L'Ombre du vent : La curiosité est un poétique défaut

Publié le par Glauktier

Je ne suis pas un grand lecteur. Ma culture en littérature est bien pauvre pourtant je prends de temps en temps du plaisir à parcourir des pages sans dessins, rempli de textes. Cette fois, je suis tombé sur une oeuvre renversante.

 

ombre du vent

 

Daniel a 10 ans lorsque son père, en 1945, l'emmène dans un recoin méconnu de Barcelone, le Cimetière des Livres Oubliés. Libraire de père en fils il compte perpétuer la tradition en permettant à son fils d'y choisir un livre et de l'adopter. C'est en saisissant l'Ombre du vent, de juliàn Carax, que le jeune Daniel va bouleverser sa vie en enquêtant sur cet écrivain si talentueux et pourtant inconnu.

 

J'avoue que ce résumé, ce pitch vendeur, n'est pas l'un des meilleurs. Il ne reflète pas la trépidante aventure que va vivre Daniel, entre passé et présent, ni sa formidable qualité d'écriture. Zafòn conte le récit d'une façon très imagée avec un vocabulaire et une réparti impressionnante. Chaque histoires personnelles est prétexte à anecdotes parfois scabreuse, parfois fantaisiste mais toujours poétique. Bien qu'il soit passionnant, ce n'est pas le récit le point fort du livre mais la narration et les répliques cinglantes. Ce n'est pourtant pas un livre humoristique mais une belle aventure sensible.

Ça a été pour moi, non pas une révélation (faut pas poussé non plus) mais une très belle expérience littéraire, qui m'a fait voyager dans un contexte (lieu et époque) inconnu.

Dit comme ça, je peux comprendre que ça ai l'air con et naïf. Ce qu'il vous faut c'est un extrait, un passage du livre qui retranscrit parfaitement ce dont je veux vous parler. Soit, je vous en met deux, pris quasiment au hasard.

 

Le docteur Barò était un célibataire insomniaque qui, pour combattre l'ennui, passait ses nuits à lire Zola et à contempler des images stéréoscopiques de demoiselles court-vêtues. C'était un habitué de la boutique de mon père, et lui-même se qualifiait de morticole de second rang, mais la moitié des docteurs n'avaient pas son coup d'oeil quand il s'agissait de donner un diagnostic. Une grande part de sa clientèle consistait en vieilles prostituées du quartier et en malheureux à peine capables de le payer, mais il ne faisait pas la différence avec les autres. Je l'avait souvent entendu dire que le monde était un pot de chambre et qu'il attendait seulement, pour mourir en paix, que le Barcelona gagne enfin la coupe de la ligue.

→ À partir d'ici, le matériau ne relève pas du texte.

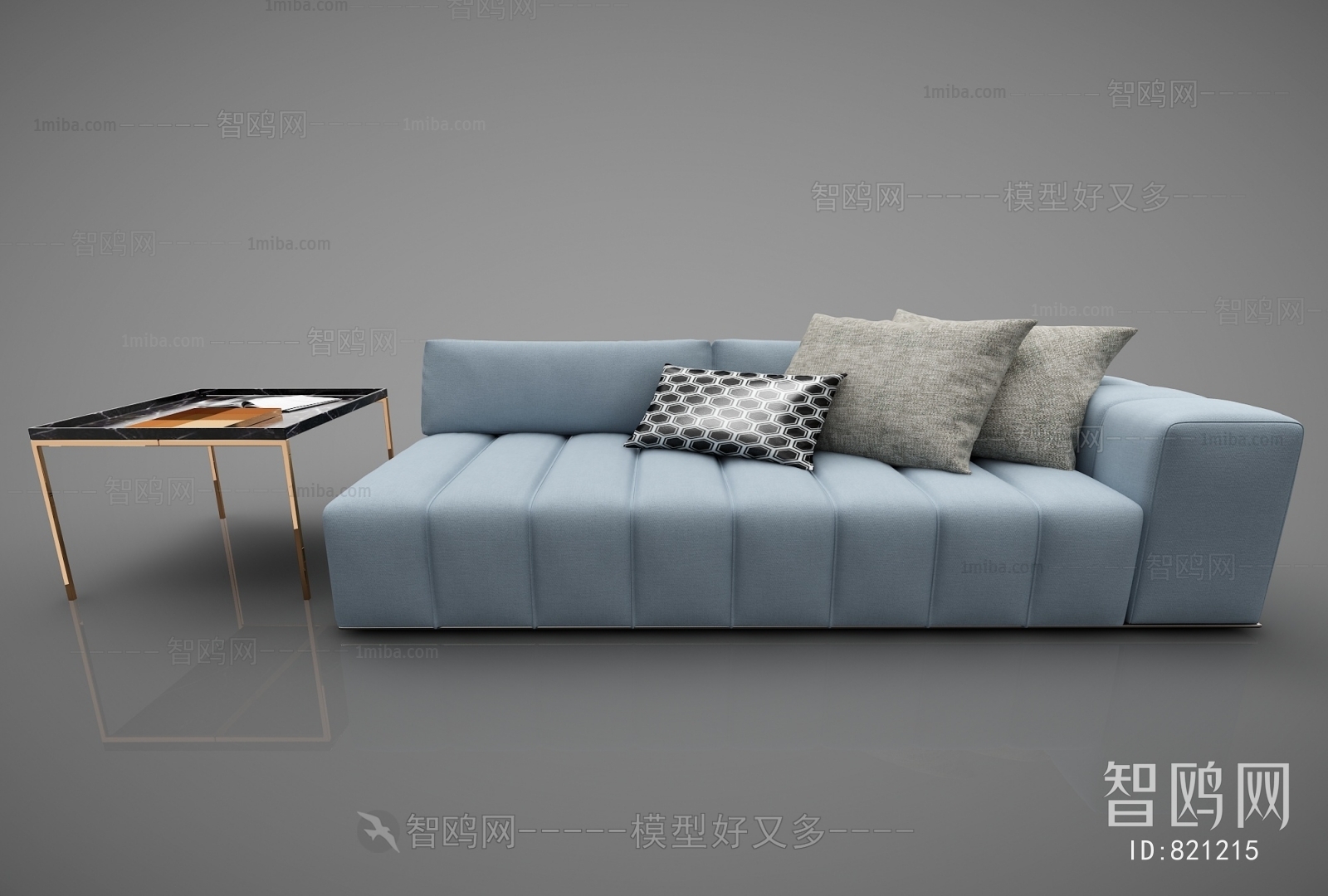 Modern Three-seat Sofa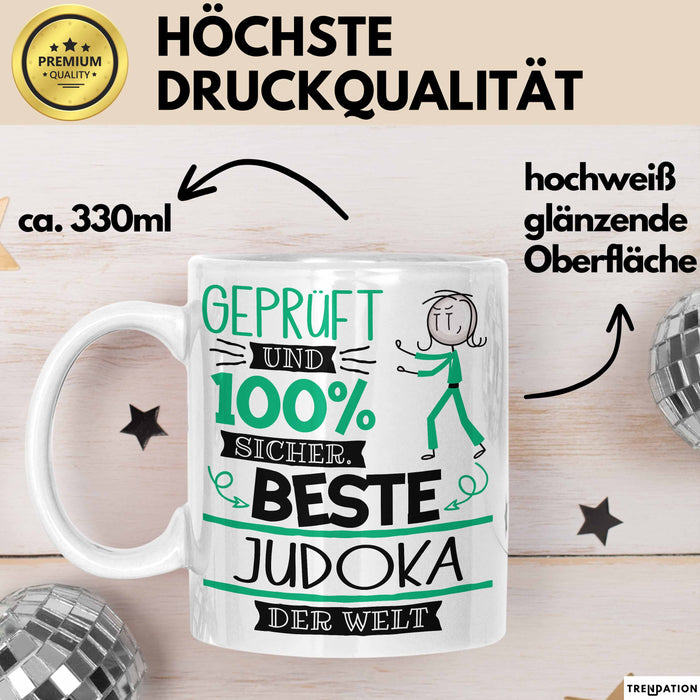 Beste Judoka Der Welt Tasse Geschenk für Eine Judoka Geprüft Und Sicher Geschenkidee Geburtstag Weihnachten Weiß Trendation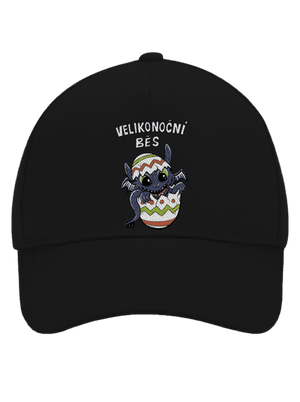 Velikonoční běs kšiltovka baseballka Black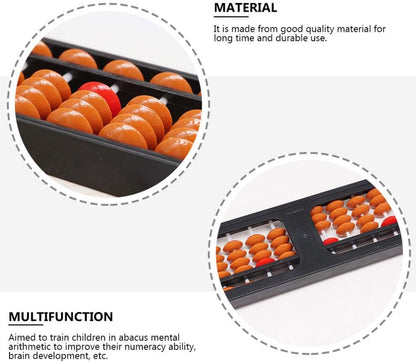 Ipetboom Kids Tools 2Pcs Abacus for Kids Math, Abacus Chinese Japanese Calculator Counting Tool Math Calculating s Educational Learning for Adults, 22x6cm s Counters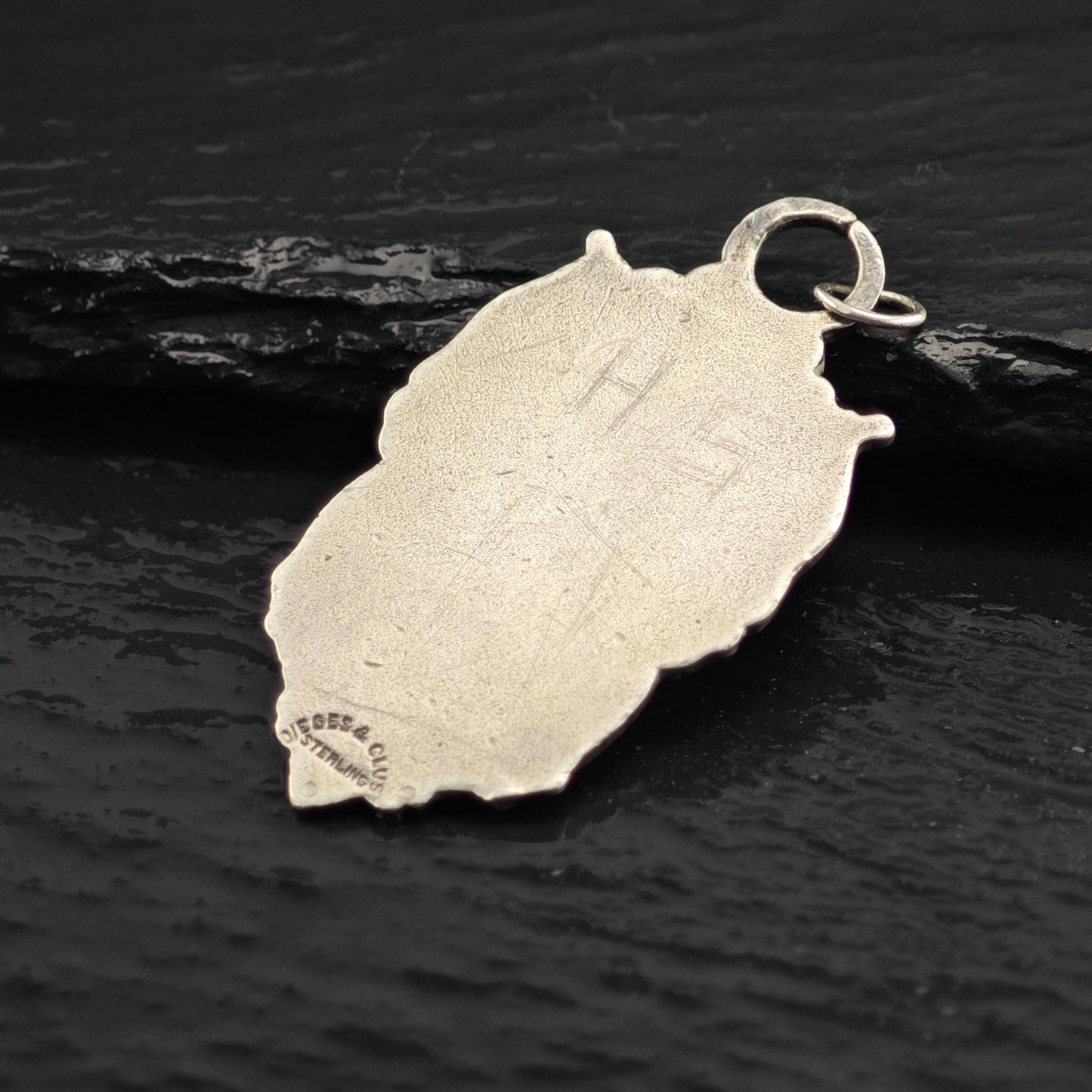 Antique 1914 Sunday World New York City Track Medal Sterling Silver Pendant P3068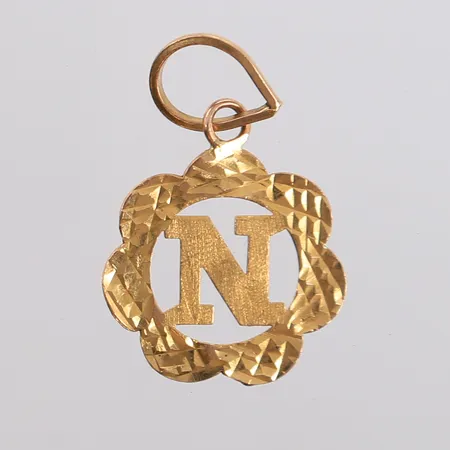 Anheng med bokstav "N", 31x20mm, 20K Vekt: 1,6 g Kontakt Lånekontoret for frakt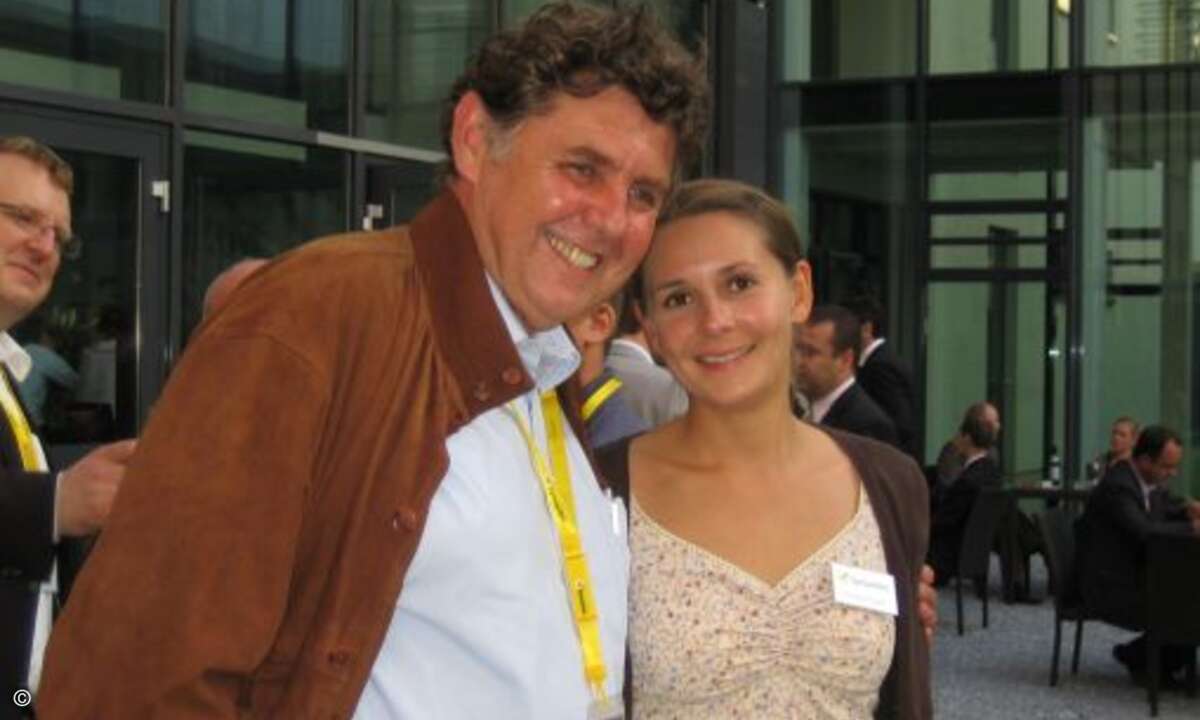 Fred Kempf (Kumatronik) und Sophia Plögert (Symantec)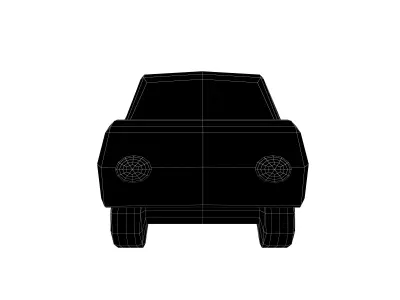Cartoon Car v2 002 Low-poly 3D model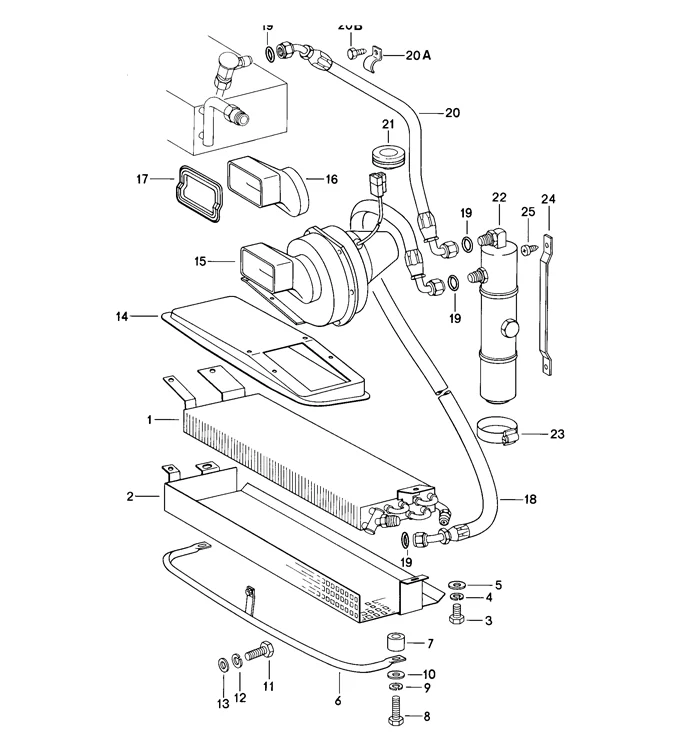 A/C Receiver Drier for Porsche 911 (1984-89) - Image 2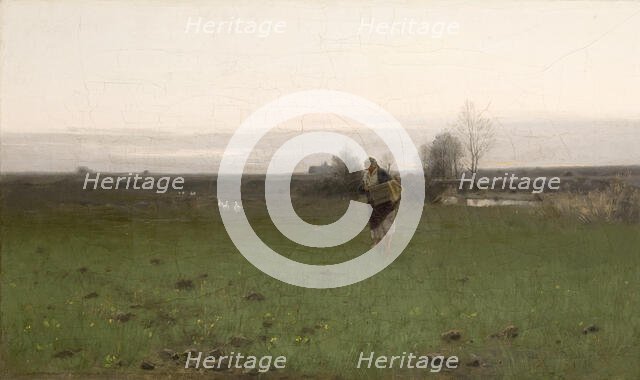 Landscape from the Vincity of Krakow, 1886. Creator: Roman Kochanowski.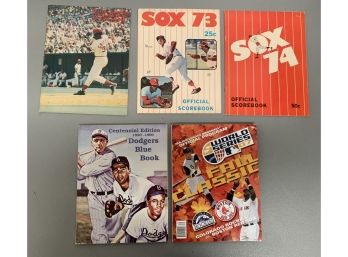 Lot Of Baseball Programs / Scorebooks (1970s & Later)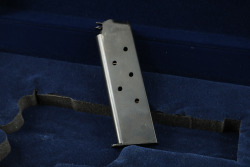 Kimber Super America .45 ACP Semi-Automatic Pistol 5&rdquo; Mammoth Ivory Grips, Knife, Display Box 1/200 - 22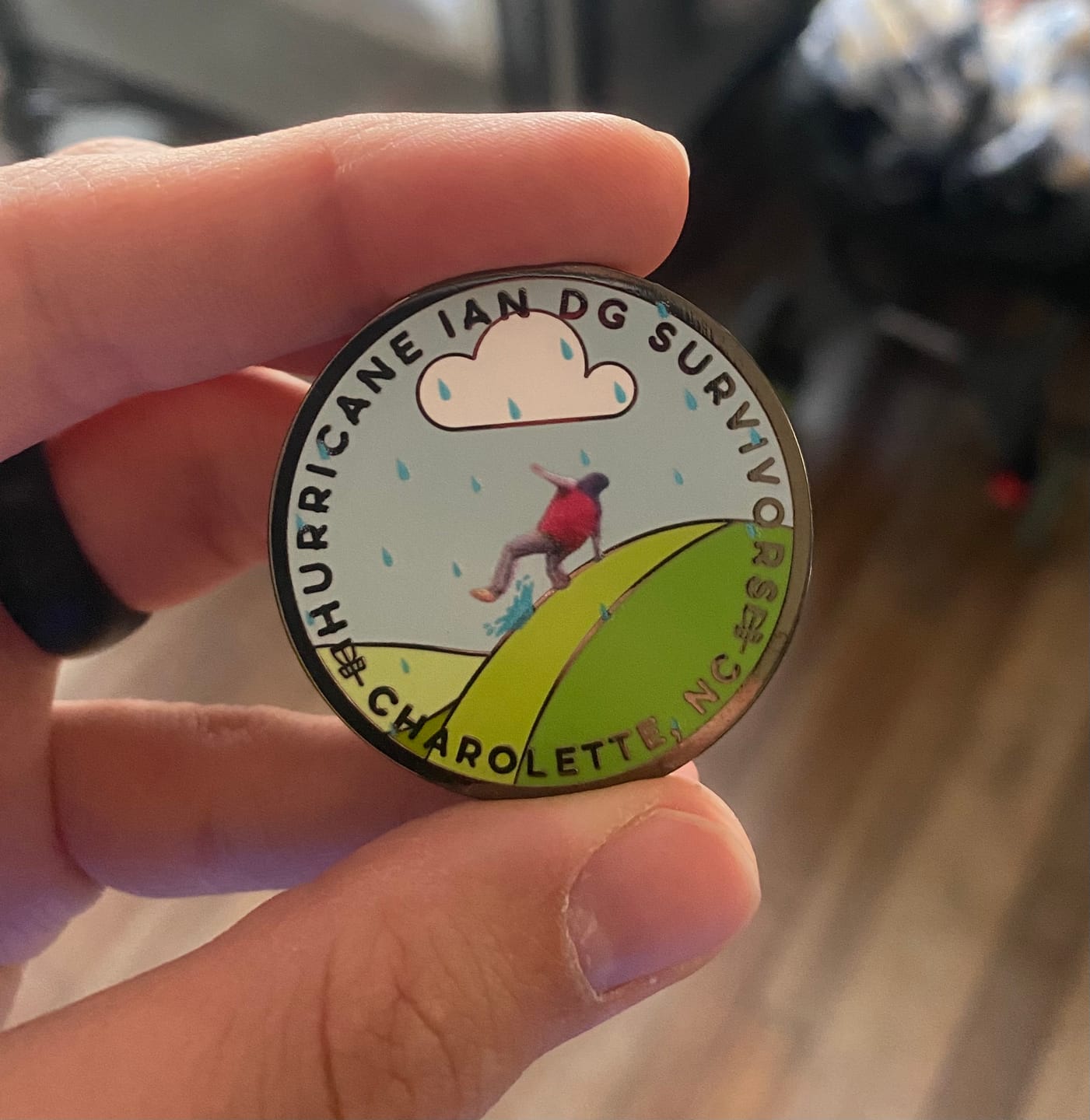 Customer photo review of Custom Enamel Pins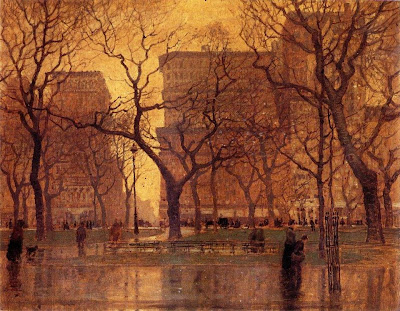 Paul+Cornoyer,+Madison+Square+dopo+la+pioggia+(1910c)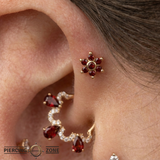 Echo - 18K Gold Genuine Gem Threadless/Threaded End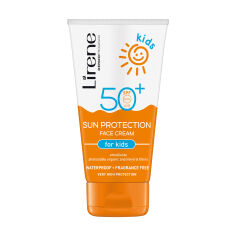 Акция на Дитячий сонцезахисний крем для обличчя Lirene Kids Sun Protection Face Cream SPF 50, 50 мл от Eva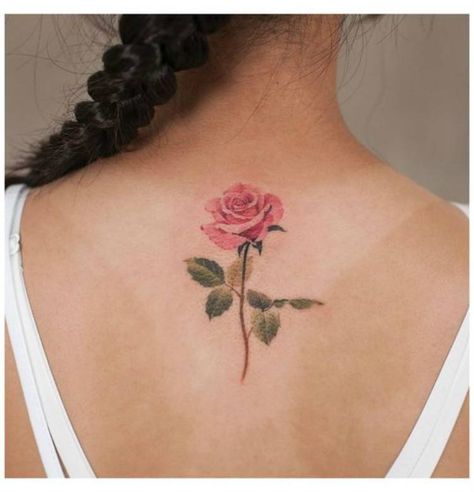 25 Stunning Watercolor Tattoo Designs You Must Love - Women Fashion Lifestyle Blog Shinecoco.com Floral Watercolor Tattoo, Watercolor Bird Tattoo, Watercolor Rose Tattoos, Tattoo Graffiti, Pink Rose Tattoos, Bright Tattoos, Rose Stencil, Rose Tattoos For Women, Tattoo Back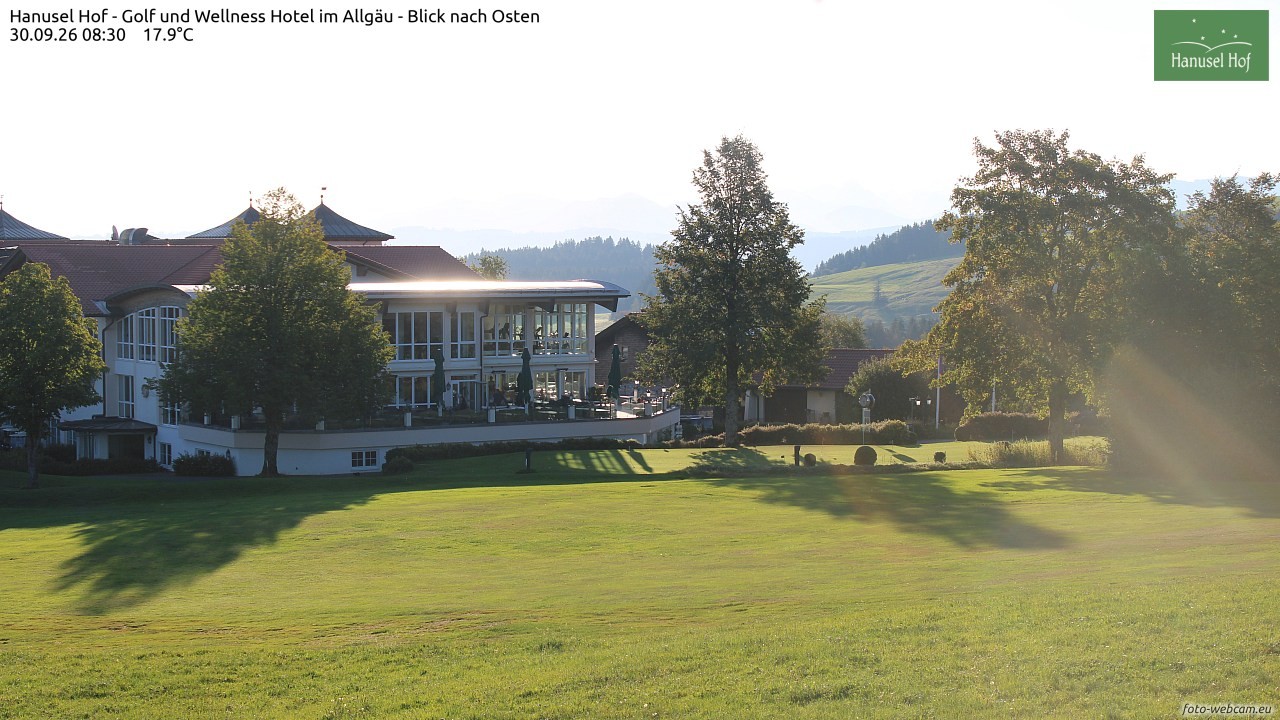 Archiv Foto Webcam Hanusel Hof - Golf und Wellness Hotel - Allgäu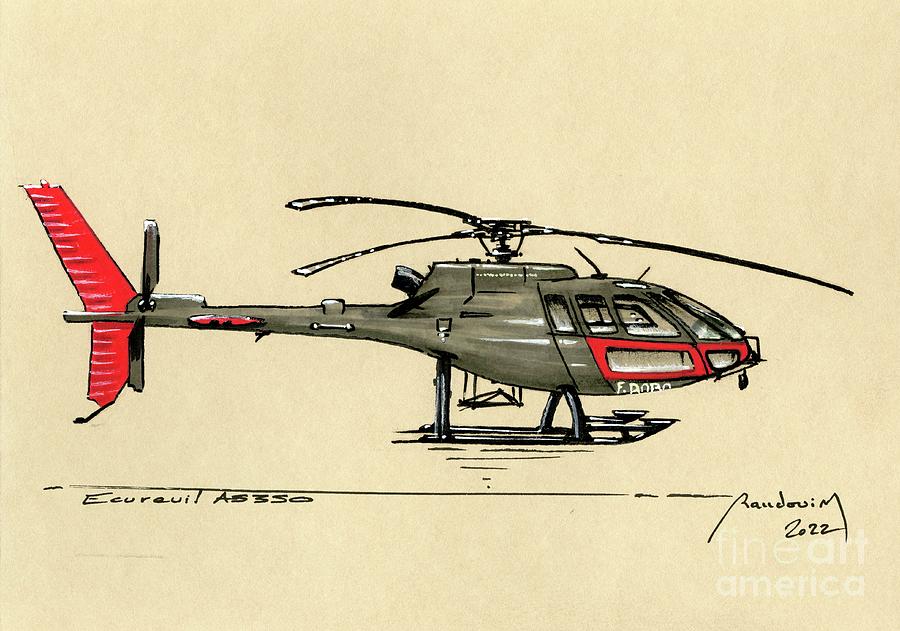 Ecureuil chopper Painting by Alain BAUDOUIN ABmotorART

Il m'ouvrit en robe de chambre, empestant le vin, un mégot éteint aux lèvres.

 

-Voyez-vous, monsieur Sempere, je n'avais jamais pensé faire carrière dans le monde des intrigues internationales, parce que moi, mon coeur me portait vers les humanités. Dès l'enfance, j'ai senti l'appel de la poésie et j'ai voulu être Sophocle ou Virgile, car les tragédies en langues mortes me donnent la chair de poule. Mais mon père, qu'il repose en paix, était un butor qui ne voyait pas plus loin que le bout de son nez et voulait à tout prix qu'un de ses enfants entre dans la Garde Civile. Or aucune de mes sept soeurs n'a réussi à entrer dans la Maréchaussée, malgré la pilosité faciale exubérante qui a toujours affecté les femmes de ma famille du coté de ma mère. Sur son lit de mort, mon géniteur m'a fait jurer que si je ne parvenais pas à coiffer le tricorne, je me ferais au moins fonctionnaire et abandonnerais toute prétention à suivre ma vocation pour la lyre. Je suis de la vieille école, vous comprenez, et obéir à son père, même s'il est un âne, c'est sacré.

 

Je ne saurais que vous recommander l'Ombre du vent, de Carlos Ruiz Zafòn.